Captioned web images

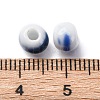 Bright Glazed Porcelain Beads PORC-D300-A07-2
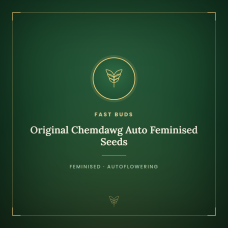 Original Chemdawg Auto Feminised Seeds Original Chemdawg Auto Feminised Seeds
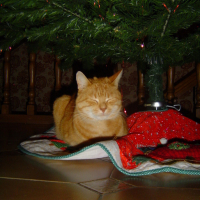 Kiki sous son sapin de Noël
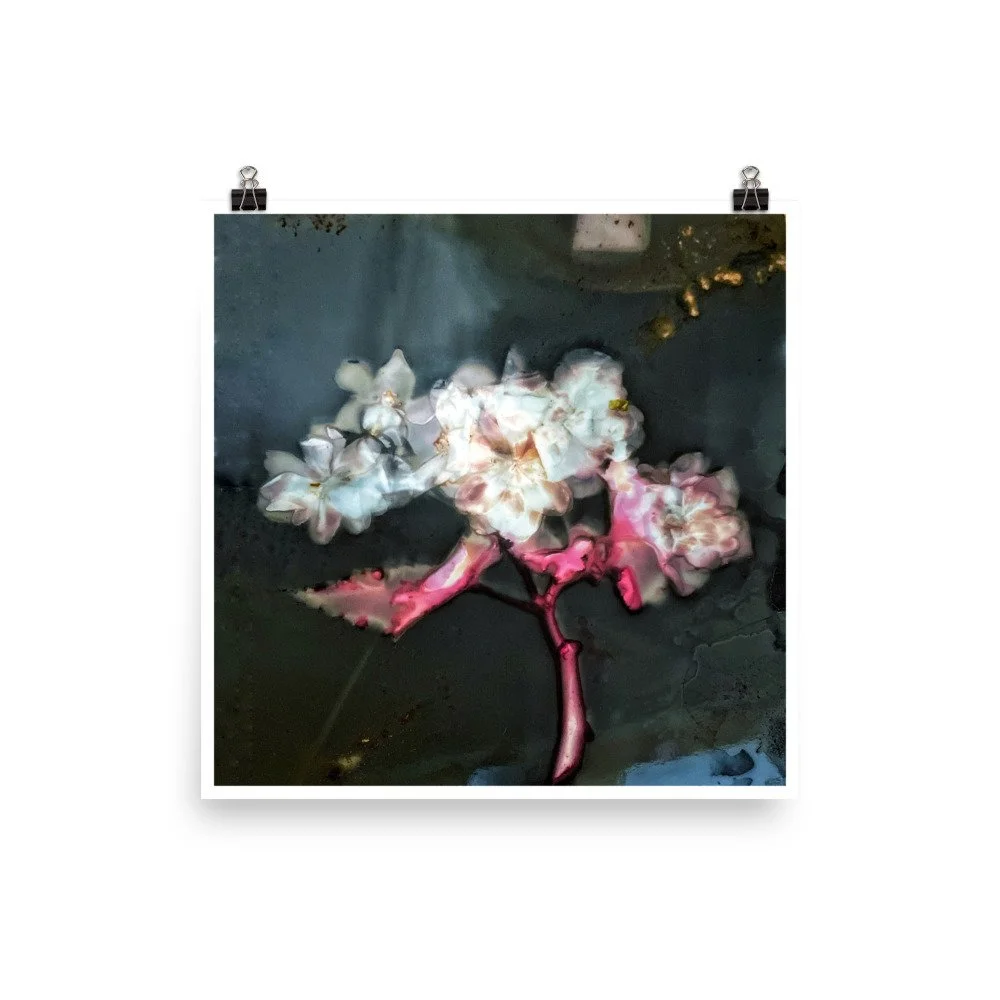 premium-luster-photo-paper-poster-(in)-12x12-transparent-673f854a00f8d.jpg
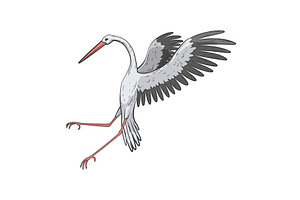 Crane bird in realistic style, an Animal Illustration by Things for designers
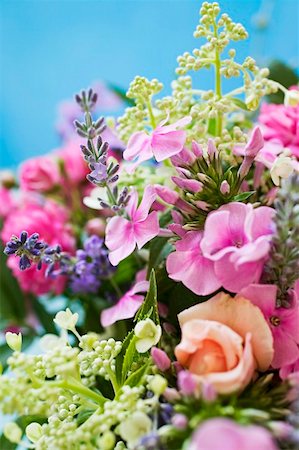 simsearch:659-03524278,k - Bouquet of summer flowers (detail) Stock Photo - Premium Royalty-Free, Code: 659-01858397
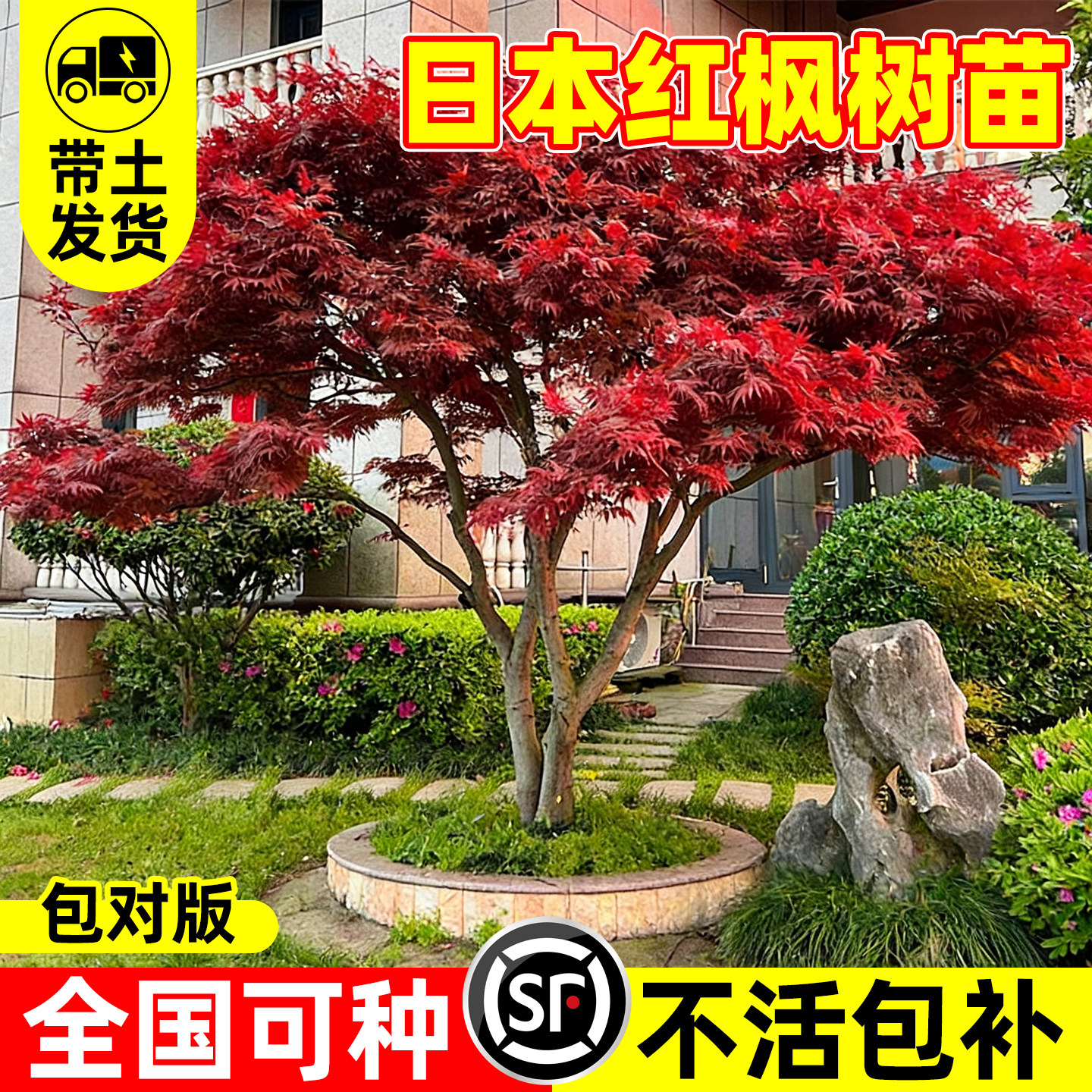 【爆款第一10万+】红枫树苗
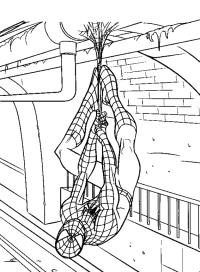 Человек паук повис вниз головой на трубе Раскраски для мальчиков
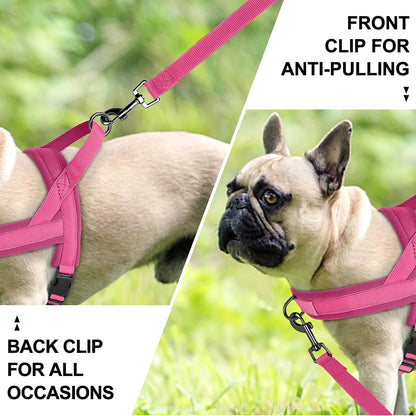 small dog harness no pull - front clip for anti-pulling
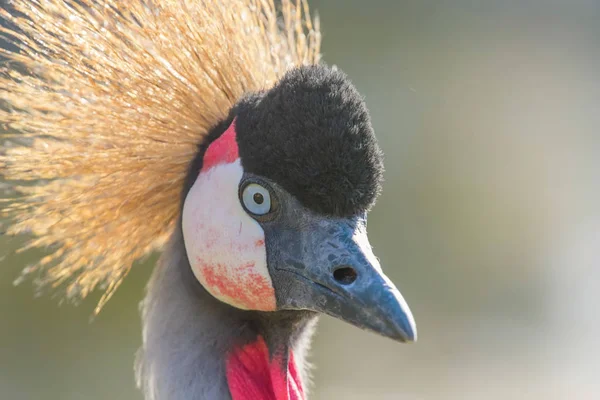 Grey crowned crane Close up portrait (Balearica regulorum) National bird of Uganda
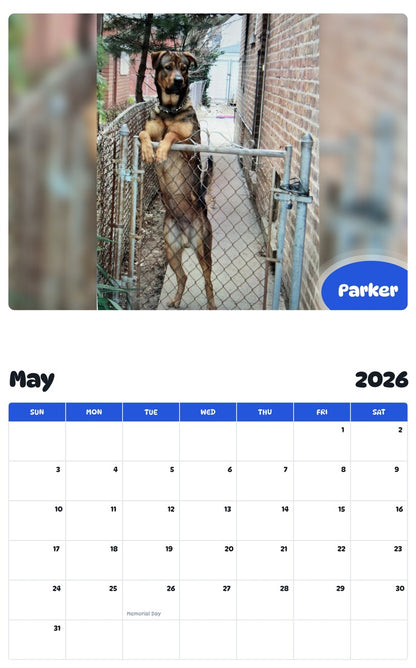 2026 - 2027 Parker - Pawidols Pet Calendar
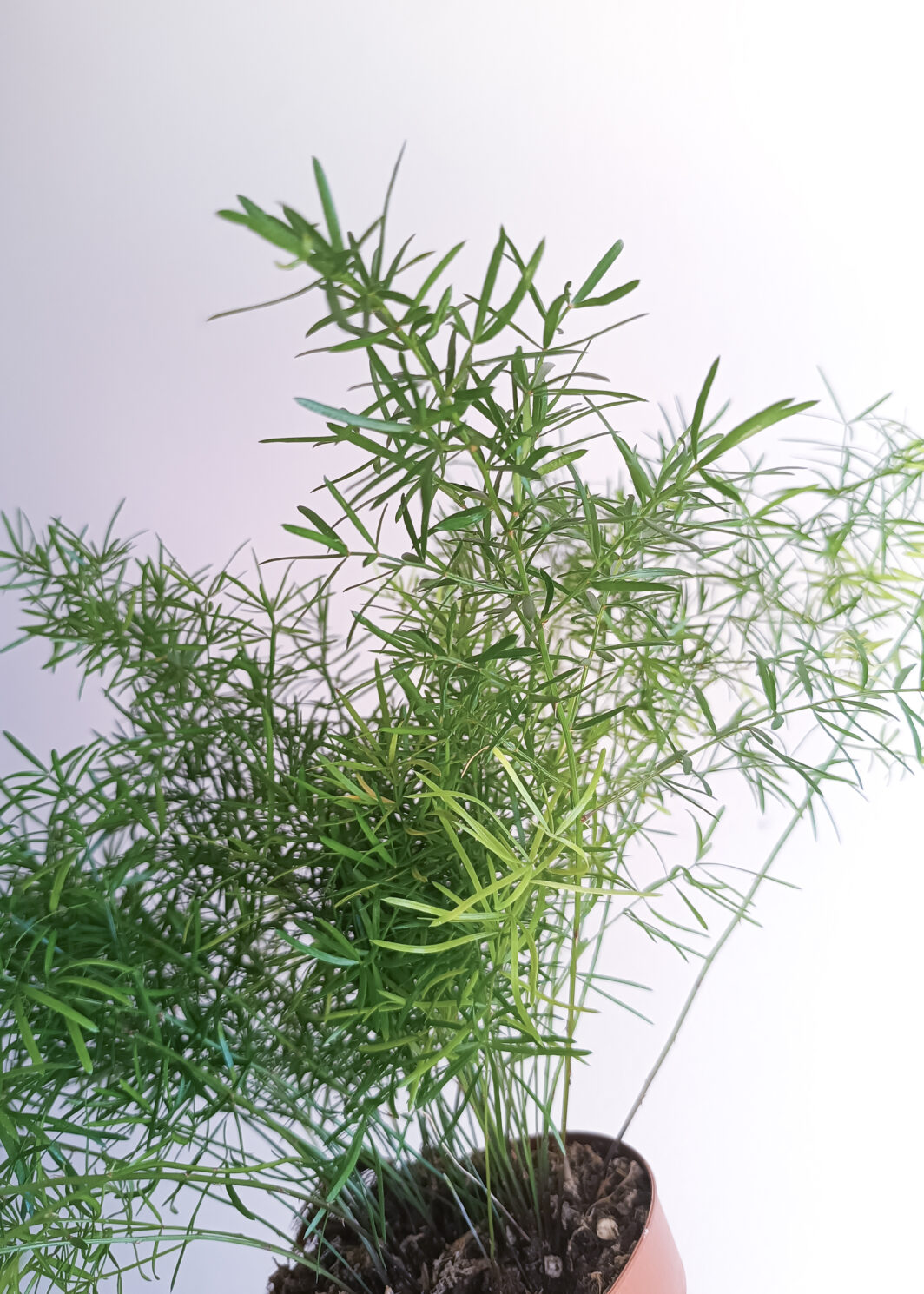 Asparagus densiflorus Sprengeri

[WHAT YOU NEED TO DO] Return exactly the lines from the line with "2026 - 2027 Parker - Pawidols Pet Calendar" through the last line of the data above, both included; pictures do not go in the answer.

[EXERCISE SOLUTION]
 2026 - 2027 Parker - Pawidols Pet Calendar
 Asparagus densiflorus Sprengeri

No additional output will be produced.